According to the group’s new study – entitled “Delivering the Brand” – nearly 80% of all car purchases are still done face-to-face, and the report’s author, Fabrizio Arena, warns that as the global automotive industry faces a growing number of new competitive pressures, OEMs must develop dealership management initiatives to ensure their retail networks are building and reinforcing brand loyalty from the test drive through to after sales service.
"Dealerships have a major role to play in delivering an excellent brand experience that will attract new customers and retain the existing base,” Arena said. ““Customer satisfaction is an urgent concern for OEMs looking to move ahead of their competitors in an environment where simple survival is every brand’s primary objective for the year ahead.”
He also noted that one local dealer his firm worked with not only improved its customer satisfaction performance by approximately 16% in a single year, it helped the car brand they represented move up several places in the New Car Buyers’ Survey, a key industry benchmark.
OK, so what does this have to do with trucking? Car buyers, as we all know, are a lot less brand loyal than truckers because they simply don’t rely on their vehicles for their livelihood to the degree a trucker does.
[Photo courtesy of Christopher Ziemnowicz]

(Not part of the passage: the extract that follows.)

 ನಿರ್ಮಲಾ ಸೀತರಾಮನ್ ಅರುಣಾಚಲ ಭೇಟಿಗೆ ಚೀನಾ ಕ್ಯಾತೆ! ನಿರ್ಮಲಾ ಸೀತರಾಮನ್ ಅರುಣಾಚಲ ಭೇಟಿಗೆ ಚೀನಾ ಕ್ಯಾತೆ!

That being said, I know from my own experience in talking to fleets and owner-operators that many are loathe to consider making a brand switch if they are getting good product reliability and service, no matter the sticker price savings. Yet I also know service means a tremendous amount to truckers – and woe to the OEM or dealership that stumbles in that regard.

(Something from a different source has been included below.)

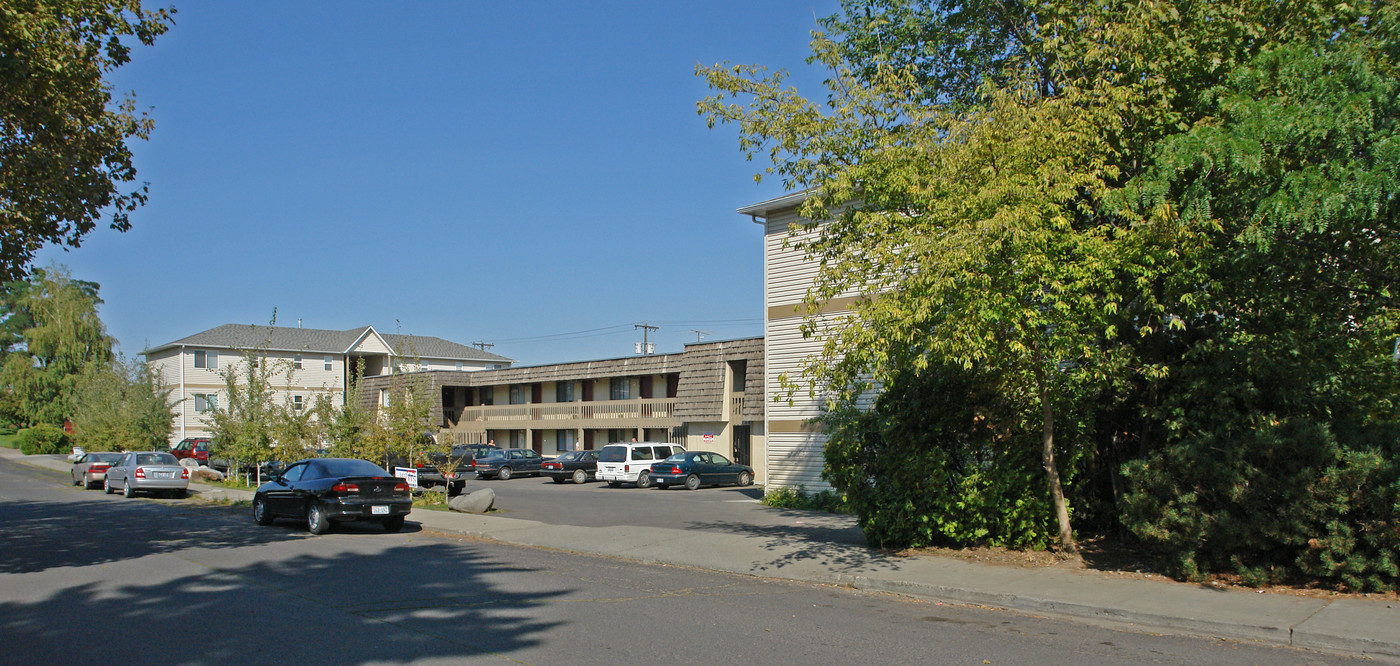 Atlantic Aspens in Spokane, WA - Building Photo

Let’s face another reality – very unpleasant levels of pressure are being applied to the bottom line of OEMs and their dealers from all directions. With 2008 new car sales having reached record lows in most developed markets, global automotive companies are under more pressure than ever to avoid collapse, noted Arena in his report, with a bevy of other issues banging away as well: regulatory pressure on carbon dioxide emissions, tougher international safety standards, high oil prices, and changing customer lifestyles, just to name a few.
Competition amongst global players has been pushed even further as a dramatic increase in overall vehicle quality over the past decade had progressively weakened the role of the product itself as the key differentiator, said Arena, so dealerships are going to play an ever more critical role in attracting and retaining customers from now on.
“Ensuring results and investment decisions are consistent with customers’ expectations and its dealerships’ capabilities are key to implementing an effective global brand strategy that will reinforce the products’ desirability through a positive customer brand experience,” he said.
"To be successful, a global customer satisfaction improvement program for the automotive industry requires a clearly defined relationship between the OEM headquarters and its local [dealer] branches,” Arena added. “Defining roles and setting consistent, measurable targets will allow local branches to adapt the corporate brand strategy into the local market context in a meaningful way.”
I’m sure heavy truck OEMs and their dealers can relate to these issues in a big way.